The darkness stretched on and on and on with no sign of quitting, just darkness and glittering white pinpoints of light like faraway stars. No warmth, no mercy, only the black rush of silence. Mokuba shuddered and fell backwards, more than aware of how close he’d come to tumbling downward through the doorway.
A thunderous grumble echoed up from deep inside the shadows, shaking the air itself with its warning tones. Mokuba trembled, pressing his body deeper into the carpet, trying to force the ground to swallow him up as the shockwaves pounded his painfully inadequate body. His mind just recognized it as the sound that had brought him down here to the Door, while his body recognized it as supreme danger and was begging his mind to get the hell out of there! But Mokuba barely felt his body’s twitching as he found himself leaning closer to the doorframe.
“S-Seto?” he called out in a choked whisper. He wasn’t sure if his brother was there at all, but one never knew for sure, especially when dealing with hidden vortexes in one’s basement.
A soft, barely audible groan floated up from the void, frightening Mokuba more than anything else had thus far but strengthening his resolve all the same. “Niisan?” he shouted, an almost hysterical edge to his voice as he forced himself to sit up.
“DAMARU,” rumbled a sonorous earthquake of a voice directly in front of Mokuba’s face. “You might wake him.”
The boy couldn’t help it. He squeaked.
A pale, ethereal blue light filled the space between voice and human, revealing the astonishing, deadly face of a Blue Eyes White Dragon.
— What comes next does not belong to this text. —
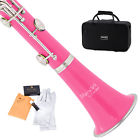 Mct-pk Mendini Pink Abs Bb Clarinet W Case Care Kit 11 Reeds For Student Beginner 847848017223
This time Mokuba managed to utter a proper scream, scrambling back as he did so.
“Urusai!” The dragon ordered, and Mokuba obediently shut his mouth. Would you argue with a Blue Eyes?
The dragon nodded curtly and said nothing more, content with watching (with more than a little amusement in its pale eyes) Mokuba try and recover. This was proving unsurprisingly difficult, and it took quite a long time before he could look at the head staring back at him without wanting to run like a silly child.
It’s head, which had to be very nearly ten times the size of its holographic counterpart, was narrow and shapely, with minute pebble scales scintillating across its snout from a light Mokuba couldn’t see. Its eyes were wide and almond shaped, very much like a cat’s, and massive ivory horns jutted out across its forehead varying in length from a few feet to perhaps eighty yards (80 x 3 240 feet 2,280 inches. Just thought I’d give you a proper perspective of how big this sucker is. :P), looking a bit like long white hair. Its mouth was parted slightly, showing two rows of meter-long teeth running around a forked tongue nearly ten feet in length leading back into a throat wide enough to swallow a small house. Mokuba gulped uneasily and quickly returned his gaze up to the creature’s eyes.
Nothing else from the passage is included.